"Tumben kamu telat Juy_"
Waktu seperti berhenti saat itu juga saat yang kulihat di samping Yeji saat ini ternyata bukan Juyeon. Dia adalah Jeno, berdiri tegap sambil terlihat berusaha tersenyum ringan seolah kedatangannya hari ini di rumahku adalah sesuatu yang wajar. Tanpa sadar semua struktur tulang yang menopang wajahku mengeras. Aku melenyapkan senyum lebar yang sudah kupersiapkan kalau memang Juyeon yang menjemputku.
"Mau apa lo?"
Sekarang nada pertanyaanku terdengar sangat ketus dari terakhir kali aku berbicara padanya. Ketika dia dengan enteng memecatku hanya karena aku akan menjadi bencana bagi Han Yang grup. Dia pikir dia keren karena melakukan hal itu? Membungkam media dalam satu hari dan mengusirku dengan pesangon besar? Mulutku sudah mengumpulkan ludah yang maju dari tenggorokan, rasanya ingin kuludahi wajahnya sekarang.
"Maaf aku nggak ngasih tau dulu," ucap Yeji saat merasakan aura kecanggungan yang menenggelamkan di antara kami.
Aku tersadar lalu mengangguk samar.
"Kalian masuk ya, makin panas tuh. Kasihan Byul."
Yeji mengangguk. Aku mengecup kening bayi dalam pelukan ibunya itu dan memperhatikan mereka sampai menghilang di ruang tengah.
"Ngapain sih lo?"
Jeno mengangkat alisnya dan tersenyum. Dia memasukkan tangan ke dalam saku, memberitahuku bahwa dia sendiri sebenarnya dalam kondisi tegang.

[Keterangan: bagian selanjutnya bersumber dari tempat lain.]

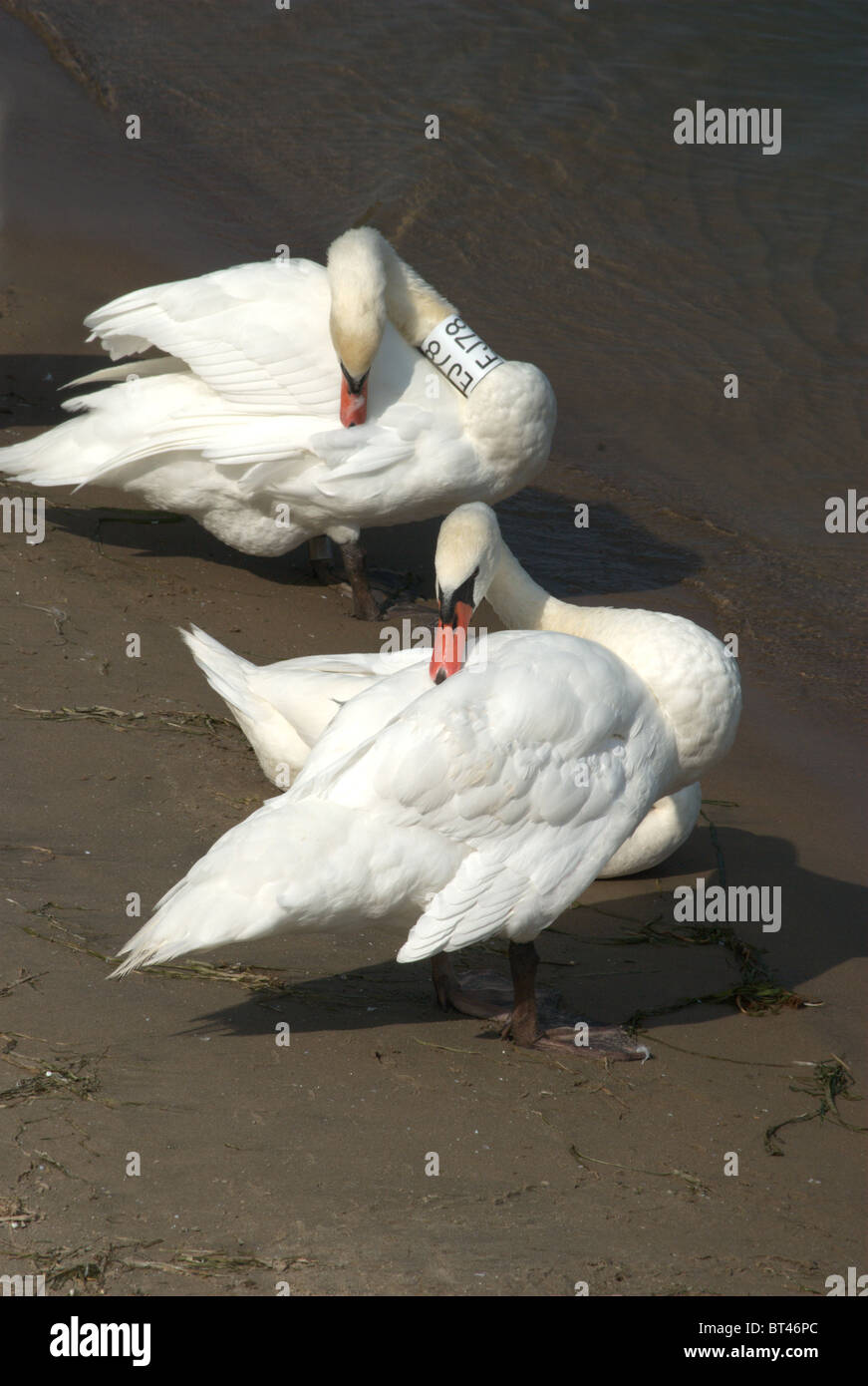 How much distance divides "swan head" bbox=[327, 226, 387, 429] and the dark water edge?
147 centimetres

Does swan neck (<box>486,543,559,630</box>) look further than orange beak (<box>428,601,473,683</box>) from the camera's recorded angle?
Yes

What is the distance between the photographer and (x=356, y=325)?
6.63 m

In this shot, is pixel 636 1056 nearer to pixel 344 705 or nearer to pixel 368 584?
pixel 344 705

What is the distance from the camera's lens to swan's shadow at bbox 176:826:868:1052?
424 cm

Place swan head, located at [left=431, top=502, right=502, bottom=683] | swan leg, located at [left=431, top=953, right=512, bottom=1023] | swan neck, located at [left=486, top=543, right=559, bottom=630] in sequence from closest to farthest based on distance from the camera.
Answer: swan leg, located at [left=431, top=953, right=512, bottom=1023] < swan head, located at [left=431, top=502, right=502, bottom=683] < swan neck, located at [left=486, top=543, right=559, bottom=630]

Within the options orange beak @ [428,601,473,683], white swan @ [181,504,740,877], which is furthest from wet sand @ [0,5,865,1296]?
orange beak @ [428,601,473,683]

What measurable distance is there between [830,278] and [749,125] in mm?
2492

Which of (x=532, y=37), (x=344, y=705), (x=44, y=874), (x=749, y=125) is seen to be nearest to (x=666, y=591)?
(x=344, y=705)

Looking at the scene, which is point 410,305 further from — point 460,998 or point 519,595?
point 460,998

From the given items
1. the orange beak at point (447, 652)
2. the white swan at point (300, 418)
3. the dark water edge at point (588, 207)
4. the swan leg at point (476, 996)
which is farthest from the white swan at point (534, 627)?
the dark water edge at point (588, 207)

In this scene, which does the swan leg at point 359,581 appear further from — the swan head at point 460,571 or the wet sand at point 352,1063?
the swan head at point 460,571

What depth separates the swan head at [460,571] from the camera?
4.52m

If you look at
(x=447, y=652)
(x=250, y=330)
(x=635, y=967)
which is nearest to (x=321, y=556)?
(x=250, y=330)

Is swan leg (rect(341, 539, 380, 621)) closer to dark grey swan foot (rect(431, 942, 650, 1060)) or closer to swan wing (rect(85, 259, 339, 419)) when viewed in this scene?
swan wing (rect(85, 259, 339, 419)) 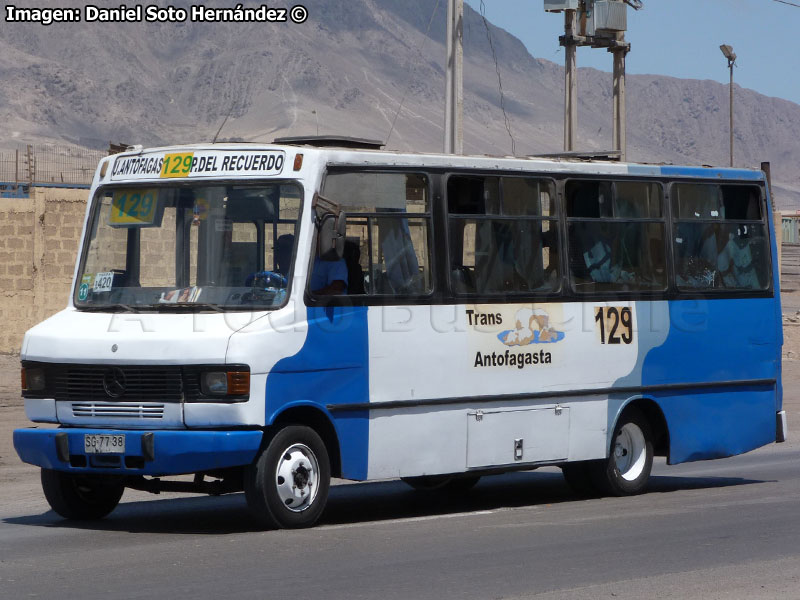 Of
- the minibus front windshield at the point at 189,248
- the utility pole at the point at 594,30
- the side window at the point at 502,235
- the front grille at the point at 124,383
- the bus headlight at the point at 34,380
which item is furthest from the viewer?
the utility pole at the point at 594,30

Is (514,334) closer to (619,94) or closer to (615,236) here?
(615,236)

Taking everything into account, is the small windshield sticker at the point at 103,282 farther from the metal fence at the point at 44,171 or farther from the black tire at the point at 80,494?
the metal fence at the point at 44,171

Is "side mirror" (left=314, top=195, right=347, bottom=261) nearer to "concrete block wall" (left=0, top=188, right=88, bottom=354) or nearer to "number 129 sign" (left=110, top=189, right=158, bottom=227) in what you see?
"number 129 sign" (left=110, top=189, right=158, bottom=227)

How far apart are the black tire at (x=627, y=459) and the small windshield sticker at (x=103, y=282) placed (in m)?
4.35

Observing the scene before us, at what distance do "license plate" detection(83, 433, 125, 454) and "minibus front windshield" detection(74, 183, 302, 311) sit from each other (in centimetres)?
97

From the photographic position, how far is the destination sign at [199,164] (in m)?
10.6

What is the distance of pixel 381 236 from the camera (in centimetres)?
1087

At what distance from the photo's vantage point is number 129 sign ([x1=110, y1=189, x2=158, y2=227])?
11062 mm

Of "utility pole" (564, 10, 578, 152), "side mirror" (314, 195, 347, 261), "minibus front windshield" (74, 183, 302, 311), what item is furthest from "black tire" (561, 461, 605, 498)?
"utility pole" (564, 10, 578, 152)

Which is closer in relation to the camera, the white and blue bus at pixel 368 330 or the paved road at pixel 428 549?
the paved road at pixel 428 549

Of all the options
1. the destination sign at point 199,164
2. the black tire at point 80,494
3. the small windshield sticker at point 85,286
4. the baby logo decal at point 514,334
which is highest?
the destination sign at point 199,164

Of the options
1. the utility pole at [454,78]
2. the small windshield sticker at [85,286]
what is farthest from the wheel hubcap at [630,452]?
the utility pole at [454,78]

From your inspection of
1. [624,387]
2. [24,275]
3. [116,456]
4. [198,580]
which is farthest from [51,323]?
[24,275]

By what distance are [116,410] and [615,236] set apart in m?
4.65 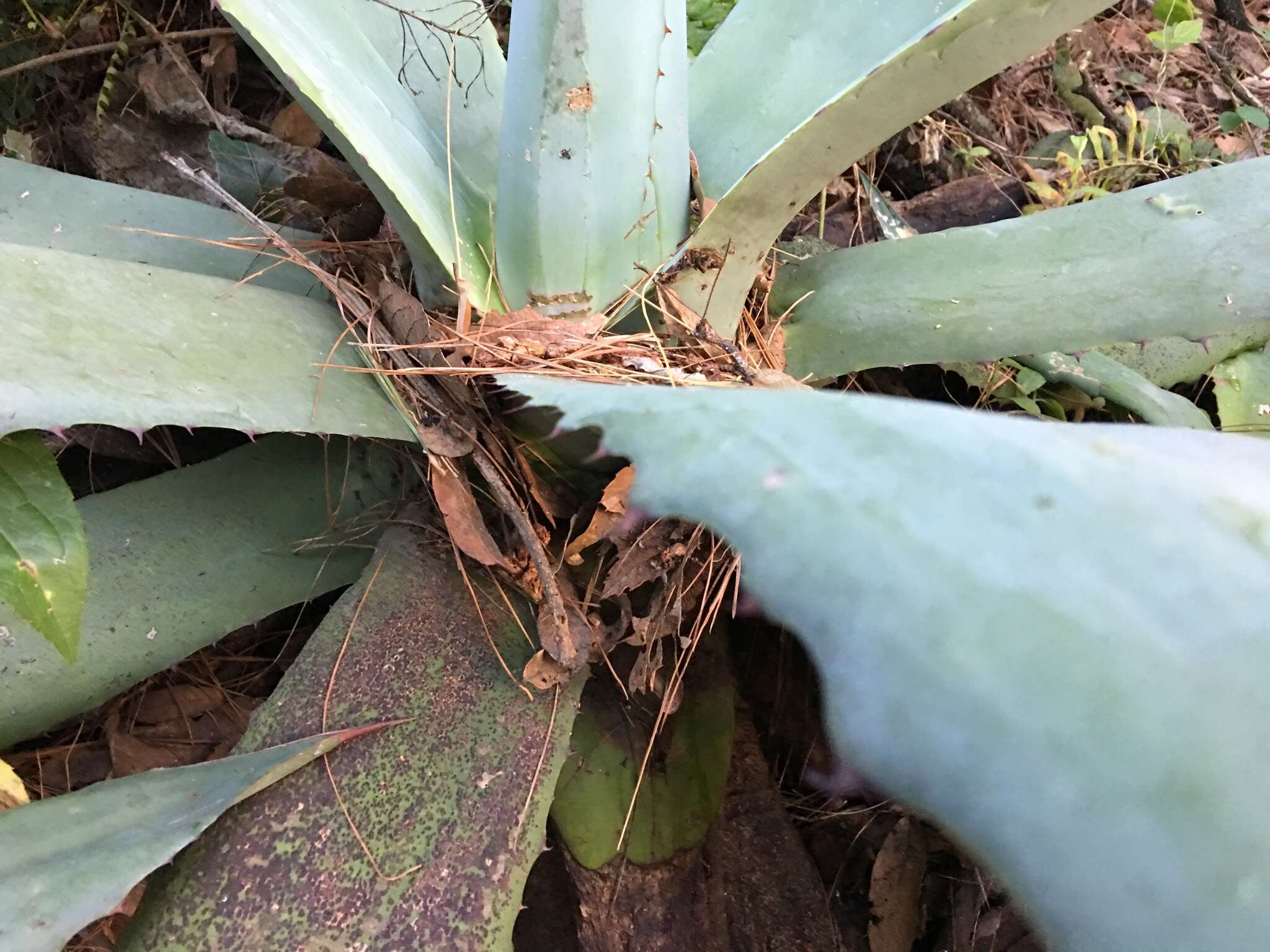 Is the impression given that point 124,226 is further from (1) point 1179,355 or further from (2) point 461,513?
(1) point 1179,355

"Katanya lo harus ke butik buat fitting baju, ada pertemuan sama WO dan pihak hotel juga."
Mataku memicing. "Terus?"
Tidak. Kumohon tidak.
"Calon suami lo harus menghadap ke kantor pusat buat pembinaan posisi CEO, jadi gue yang ditugaskan buat nemenin lo hari ini."
"Apa?"
Dengan rasa kesal yang melebur dalam dada, aku segera merogoh saku celana dengan tergesa. Mencari-cari ponselku untuk menanyakan kebenaran berita ini pada Juyeon.
"Cepetan lah, gue nggak punya waktu banyak. Sore ini gue harus balik ke kantor buat rapat."

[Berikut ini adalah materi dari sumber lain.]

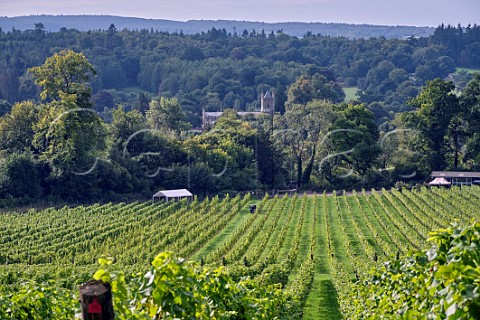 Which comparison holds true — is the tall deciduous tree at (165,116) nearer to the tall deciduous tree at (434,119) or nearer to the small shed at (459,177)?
the tall deciduous tree at (434,119)

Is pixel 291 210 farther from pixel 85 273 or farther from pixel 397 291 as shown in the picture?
pixel 397 291

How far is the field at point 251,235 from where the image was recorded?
2255cm

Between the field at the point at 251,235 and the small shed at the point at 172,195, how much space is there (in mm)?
1581

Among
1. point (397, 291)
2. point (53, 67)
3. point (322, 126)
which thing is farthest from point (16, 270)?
point (322, 126)

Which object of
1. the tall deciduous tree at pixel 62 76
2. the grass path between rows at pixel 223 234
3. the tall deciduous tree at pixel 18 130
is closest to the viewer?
the grass path between rows at pixel 223 234

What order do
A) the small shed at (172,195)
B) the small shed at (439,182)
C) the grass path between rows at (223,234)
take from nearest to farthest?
the grass path between rows at (223,234) < the small shed at (172,195) < the small shed at (439,182)

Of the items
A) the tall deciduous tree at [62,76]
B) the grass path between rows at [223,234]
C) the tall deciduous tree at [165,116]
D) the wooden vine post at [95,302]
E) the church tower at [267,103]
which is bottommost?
the church tower at [267,103]

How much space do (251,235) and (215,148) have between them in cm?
1913

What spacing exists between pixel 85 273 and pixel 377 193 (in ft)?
92.6

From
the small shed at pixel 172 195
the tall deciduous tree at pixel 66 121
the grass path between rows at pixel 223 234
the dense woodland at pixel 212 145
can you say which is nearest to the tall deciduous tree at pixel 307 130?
the dense woodland at pixel 212 145

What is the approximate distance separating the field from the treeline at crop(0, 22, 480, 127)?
42305 millimetres

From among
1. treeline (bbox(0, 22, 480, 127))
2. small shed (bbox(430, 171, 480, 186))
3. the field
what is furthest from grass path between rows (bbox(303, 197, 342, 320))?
treeline (bbox(0, 22, 480, 127))

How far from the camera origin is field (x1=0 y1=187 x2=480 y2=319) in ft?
74.0

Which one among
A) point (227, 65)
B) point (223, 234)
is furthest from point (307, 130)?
point (227, 65) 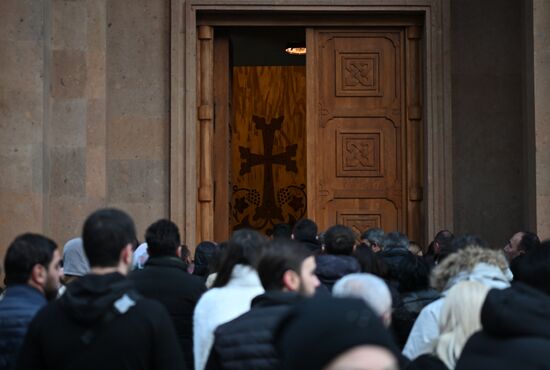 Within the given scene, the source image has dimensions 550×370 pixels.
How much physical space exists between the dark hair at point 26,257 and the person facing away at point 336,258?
A: 8.55ft

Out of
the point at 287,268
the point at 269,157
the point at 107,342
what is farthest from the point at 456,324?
the point at 269,157

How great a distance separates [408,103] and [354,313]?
11.9 metres

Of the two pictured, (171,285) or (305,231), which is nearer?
(171,285)

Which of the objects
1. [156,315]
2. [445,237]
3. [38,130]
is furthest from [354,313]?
[38,130]

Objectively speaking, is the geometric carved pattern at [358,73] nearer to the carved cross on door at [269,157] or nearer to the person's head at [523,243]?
the person's head at [523,243]

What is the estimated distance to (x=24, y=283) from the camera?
579 cm

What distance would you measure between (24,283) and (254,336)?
1245 millimetres

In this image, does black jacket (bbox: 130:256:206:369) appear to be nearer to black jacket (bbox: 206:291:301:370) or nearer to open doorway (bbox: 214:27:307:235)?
black jacket (bbox: 206:291:301:370)

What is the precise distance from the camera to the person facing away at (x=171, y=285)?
6949 millimetres

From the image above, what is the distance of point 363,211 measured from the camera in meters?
14.7

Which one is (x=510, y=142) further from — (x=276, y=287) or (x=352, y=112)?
(x=276, y=287)

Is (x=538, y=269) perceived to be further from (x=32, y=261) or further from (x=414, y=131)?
(x=414, y=131)

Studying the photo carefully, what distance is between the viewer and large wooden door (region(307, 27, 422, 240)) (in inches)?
576

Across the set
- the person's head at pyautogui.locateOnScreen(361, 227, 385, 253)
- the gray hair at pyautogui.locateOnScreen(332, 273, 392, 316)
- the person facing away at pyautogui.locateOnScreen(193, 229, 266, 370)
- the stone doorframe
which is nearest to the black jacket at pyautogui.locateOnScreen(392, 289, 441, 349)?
the person facing away at pyautogui.locateOnScreen(193, 229, 266, 370) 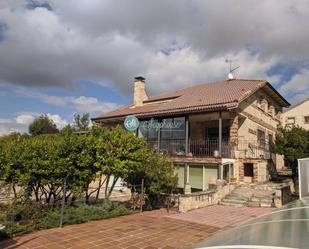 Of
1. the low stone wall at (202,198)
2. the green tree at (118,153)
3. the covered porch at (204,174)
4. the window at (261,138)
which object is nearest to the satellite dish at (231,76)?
the window at (261,138)

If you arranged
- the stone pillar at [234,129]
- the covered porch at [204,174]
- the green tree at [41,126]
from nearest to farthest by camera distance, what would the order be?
the covered porch at [204,174] < the stone pillar at [234,129] < the green tree at [41,126]

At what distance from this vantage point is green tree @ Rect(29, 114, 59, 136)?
153 ft

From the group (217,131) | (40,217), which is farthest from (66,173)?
(217,131)

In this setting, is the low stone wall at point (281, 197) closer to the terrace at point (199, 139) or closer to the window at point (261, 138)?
the terrace at point (199, 139)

Tanpa menunggu jawabanku dia sudah berbalik, mendahului masuk ke dalam mobilnya yang terparkir di depan rumah. Aku menarik napas berkali-kali. Waktu yang kuharap bergerak cepat, sekarang seolah benar-benar berhenti karena keberadaanya. Sikapnya terlalu biasa, seolah tidak pernah terjadi apa-apa dan demi Tuhan itu sangat membuatku gelisah. Hingga akhirnya aku memutuskan untuk tetap diam setelah aku menyusulnya masuk ke dalam mobil.

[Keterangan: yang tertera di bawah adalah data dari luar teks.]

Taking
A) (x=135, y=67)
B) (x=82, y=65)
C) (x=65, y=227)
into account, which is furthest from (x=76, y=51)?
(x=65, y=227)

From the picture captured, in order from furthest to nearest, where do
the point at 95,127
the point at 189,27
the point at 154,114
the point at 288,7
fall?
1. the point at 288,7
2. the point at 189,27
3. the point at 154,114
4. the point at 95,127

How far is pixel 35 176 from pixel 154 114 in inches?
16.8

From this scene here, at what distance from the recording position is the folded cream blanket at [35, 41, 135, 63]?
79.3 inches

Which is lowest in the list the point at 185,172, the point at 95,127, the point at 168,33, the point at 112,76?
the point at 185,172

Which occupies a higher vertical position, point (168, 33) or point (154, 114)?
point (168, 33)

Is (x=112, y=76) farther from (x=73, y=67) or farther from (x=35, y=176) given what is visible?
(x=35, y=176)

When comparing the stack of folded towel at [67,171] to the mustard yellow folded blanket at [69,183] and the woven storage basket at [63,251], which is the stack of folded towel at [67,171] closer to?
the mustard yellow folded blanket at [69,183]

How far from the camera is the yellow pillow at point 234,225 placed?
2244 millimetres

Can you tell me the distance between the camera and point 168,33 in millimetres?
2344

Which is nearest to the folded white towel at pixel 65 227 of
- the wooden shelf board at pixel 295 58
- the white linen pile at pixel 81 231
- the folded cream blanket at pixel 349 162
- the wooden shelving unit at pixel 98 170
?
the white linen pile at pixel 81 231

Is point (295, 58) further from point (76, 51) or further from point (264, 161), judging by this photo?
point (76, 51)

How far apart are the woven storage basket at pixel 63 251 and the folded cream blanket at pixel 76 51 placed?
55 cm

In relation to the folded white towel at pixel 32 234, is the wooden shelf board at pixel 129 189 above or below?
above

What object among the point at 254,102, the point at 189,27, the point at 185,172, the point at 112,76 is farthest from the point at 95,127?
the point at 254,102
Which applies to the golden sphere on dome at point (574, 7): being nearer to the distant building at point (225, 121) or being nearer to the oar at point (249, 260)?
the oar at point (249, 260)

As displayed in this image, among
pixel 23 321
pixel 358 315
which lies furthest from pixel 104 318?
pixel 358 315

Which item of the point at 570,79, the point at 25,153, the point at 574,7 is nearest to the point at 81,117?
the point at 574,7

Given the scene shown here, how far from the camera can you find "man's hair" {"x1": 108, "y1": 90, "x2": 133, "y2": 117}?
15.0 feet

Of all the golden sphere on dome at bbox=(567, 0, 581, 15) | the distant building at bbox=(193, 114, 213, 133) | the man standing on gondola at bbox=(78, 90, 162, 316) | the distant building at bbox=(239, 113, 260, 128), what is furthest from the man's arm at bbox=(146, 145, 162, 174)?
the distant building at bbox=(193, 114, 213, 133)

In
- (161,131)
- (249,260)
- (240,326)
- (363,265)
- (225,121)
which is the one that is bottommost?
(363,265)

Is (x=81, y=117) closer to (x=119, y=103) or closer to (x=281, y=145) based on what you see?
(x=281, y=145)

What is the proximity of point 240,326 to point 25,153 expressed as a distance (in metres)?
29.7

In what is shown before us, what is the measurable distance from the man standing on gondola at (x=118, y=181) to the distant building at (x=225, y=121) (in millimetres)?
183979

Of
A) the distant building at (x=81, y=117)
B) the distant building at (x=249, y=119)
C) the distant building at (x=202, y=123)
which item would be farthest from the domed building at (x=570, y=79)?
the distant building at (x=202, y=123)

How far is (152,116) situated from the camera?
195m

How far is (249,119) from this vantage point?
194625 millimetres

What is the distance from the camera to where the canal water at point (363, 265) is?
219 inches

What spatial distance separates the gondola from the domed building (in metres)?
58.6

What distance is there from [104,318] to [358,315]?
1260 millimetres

Perjalanan terasa menyiksa kalau harus seperti ini. Aku ibarat mantan pacar yang hanya bisa mendengus sinis ketika semua kenangan tiba-tiba berseliweran di pikiranku, tentang bagaimana dulu kami melewati hari-hari bersama di dalam kabin besi dengan obrolan hangat atau sesekali diselingi perdebatan yang tidak perlu. Selama dua bulan terakhir, Jeno jarang sekali menggunakan supir kantor untuk mendatangi setiap kegiatan. Dia akan membawa sendiri, memintaku duduk di sebelahnya dan kami berdiskusi banyak hal. Aku tidak tahu bagaimana kemampuan otak manusia bisa dengan sigapnya membangkitkan kembali hal-hal yang sudah dikubur oleh hati. Tapi ini benar-benar membuatku senewen.
Kupandangi layar handphoneku yang masih gelap. Aku mengirim chat pada Juyeon soal keberadaan Jeno tapi dia belum juga membalasnya.
"Udah gw bilang dia lagi sibuk mempersiapkan diri jadi CEO. Harusnya lo nggak perlu mengusik dia dengan kecemasan lo yang nggak perlu."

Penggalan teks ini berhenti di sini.